Python interoperability: building a Python-first, petabyte-scale database | July 17th-23rd 2023

Abstract

How can you scale Python to run at petabyte scale, with the reliability needed to trade billions of dollars? With ArcticDB we have been doing exactly that for the last four years, by leveraging interoperability between Python and high-performance C++, with a detailed understanding of the data structures inside Python and a few extra tricks up our sleeves.

Come take a peek under Python's bonnet and learn how to hotwire a few things along the way.

TalkSoftware Engineering & Architecture (2023)

Description

This talk aims to introduce experienced Pythonistas to the workings of Python's C API and provide you with the means to get started with building Python modules, particularly in modern C++. It's now much easier than you think to write your first Python extension, and despite its reputation for gnarly syntax and lack of memory safety, features that have been gradually added to the C++ language over the last decade such as tuple return types with structured bindings and automatic type deduction, mean that your C++ can be more Pythonic than you might think. Since one of the most common reasons for writing an extension module is to leverage optimized machine code and multi-threading to handle really big data, we'll look at how we avoid shooting ourselves in the performance foot at the boundary between native code and Python.

In this talk we will lay out the potential pitfalls of interacting with the Python C API, share some of the hard-won experience we gained in engineering ArcticDB and running it at petabyte scale for critical Python trading applications. We'll also let you in on some tricks for implementing zero-copy data interchange, managing memory ownership and lifetimes, getting the most out of multi-threading through sensitive handling of the Global Interpreter Lock, and interacting with Pandas.

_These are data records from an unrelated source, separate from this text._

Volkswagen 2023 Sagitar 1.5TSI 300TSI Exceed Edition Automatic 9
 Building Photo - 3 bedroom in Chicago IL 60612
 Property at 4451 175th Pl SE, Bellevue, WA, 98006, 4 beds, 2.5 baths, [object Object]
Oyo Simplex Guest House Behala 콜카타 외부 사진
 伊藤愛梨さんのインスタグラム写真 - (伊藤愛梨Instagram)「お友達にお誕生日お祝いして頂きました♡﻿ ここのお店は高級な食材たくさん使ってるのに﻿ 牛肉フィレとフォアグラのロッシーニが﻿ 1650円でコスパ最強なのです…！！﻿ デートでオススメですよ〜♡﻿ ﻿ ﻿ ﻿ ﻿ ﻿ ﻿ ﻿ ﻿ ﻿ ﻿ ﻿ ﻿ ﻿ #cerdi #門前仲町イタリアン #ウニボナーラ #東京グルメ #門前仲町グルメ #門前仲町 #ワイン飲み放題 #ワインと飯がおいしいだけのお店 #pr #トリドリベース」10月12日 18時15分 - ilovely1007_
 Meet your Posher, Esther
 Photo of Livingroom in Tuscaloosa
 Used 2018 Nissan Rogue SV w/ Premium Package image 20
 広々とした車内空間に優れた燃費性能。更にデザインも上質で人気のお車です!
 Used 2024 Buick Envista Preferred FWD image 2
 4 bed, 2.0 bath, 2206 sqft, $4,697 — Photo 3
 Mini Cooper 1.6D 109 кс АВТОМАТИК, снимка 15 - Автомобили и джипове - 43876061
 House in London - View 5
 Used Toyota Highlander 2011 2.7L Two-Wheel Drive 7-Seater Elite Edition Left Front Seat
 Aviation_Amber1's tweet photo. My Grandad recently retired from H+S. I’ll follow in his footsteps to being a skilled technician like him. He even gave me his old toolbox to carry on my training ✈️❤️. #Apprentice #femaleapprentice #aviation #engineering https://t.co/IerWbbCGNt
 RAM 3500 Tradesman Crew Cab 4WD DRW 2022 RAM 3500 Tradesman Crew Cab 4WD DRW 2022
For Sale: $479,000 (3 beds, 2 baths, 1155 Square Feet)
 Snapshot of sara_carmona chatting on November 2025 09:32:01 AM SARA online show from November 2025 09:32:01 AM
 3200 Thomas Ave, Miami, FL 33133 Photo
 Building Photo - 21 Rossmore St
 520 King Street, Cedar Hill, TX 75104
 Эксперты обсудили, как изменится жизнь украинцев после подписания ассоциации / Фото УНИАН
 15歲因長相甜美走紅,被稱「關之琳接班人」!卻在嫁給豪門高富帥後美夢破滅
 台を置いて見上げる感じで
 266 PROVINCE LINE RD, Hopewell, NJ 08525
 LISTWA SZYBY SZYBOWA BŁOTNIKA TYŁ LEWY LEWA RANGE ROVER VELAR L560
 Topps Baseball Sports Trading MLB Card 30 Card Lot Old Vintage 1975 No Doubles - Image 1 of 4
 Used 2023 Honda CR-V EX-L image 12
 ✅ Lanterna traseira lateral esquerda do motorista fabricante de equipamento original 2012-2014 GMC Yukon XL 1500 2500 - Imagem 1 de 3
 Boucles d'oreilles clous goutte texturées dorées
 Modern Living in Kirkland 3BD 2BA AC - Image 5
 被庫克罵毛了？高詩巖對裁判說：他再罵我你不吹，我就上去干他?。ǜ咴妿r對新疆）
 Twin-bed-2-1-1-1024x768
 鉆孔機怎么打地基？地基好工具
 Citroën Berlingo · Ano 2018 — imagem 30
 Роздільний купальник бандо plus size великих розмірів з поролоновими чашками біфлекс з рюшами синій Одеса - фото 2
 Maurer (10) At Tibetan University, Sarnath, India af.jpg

Of course, nothing stays the same forever. The Python data landscape is changing rapidly and with the advent of Pandas 2.0, the old workhorse NumPy is gradually being supplanted by Apache Arrow, a project that has interoperability at the core of its design. Some things will get easier, some problems will remain. We'll examine the landscape ahead and share vital information to help you future-proof your development both inside and alongside Python.

The speaker

William Dealtry

William Dealtry has been working in both Python and C++ for many years, and has been a member of the C++ standardization committee for more than a decade. Having previously worked with financial data a places like the New York Stock Exchange and Goldman Sachs, he is currently the Architect of a new open-source Dataframe database, ArcticDB, which is backed by long-time Python enthusiasts Man Group and Bloomberg.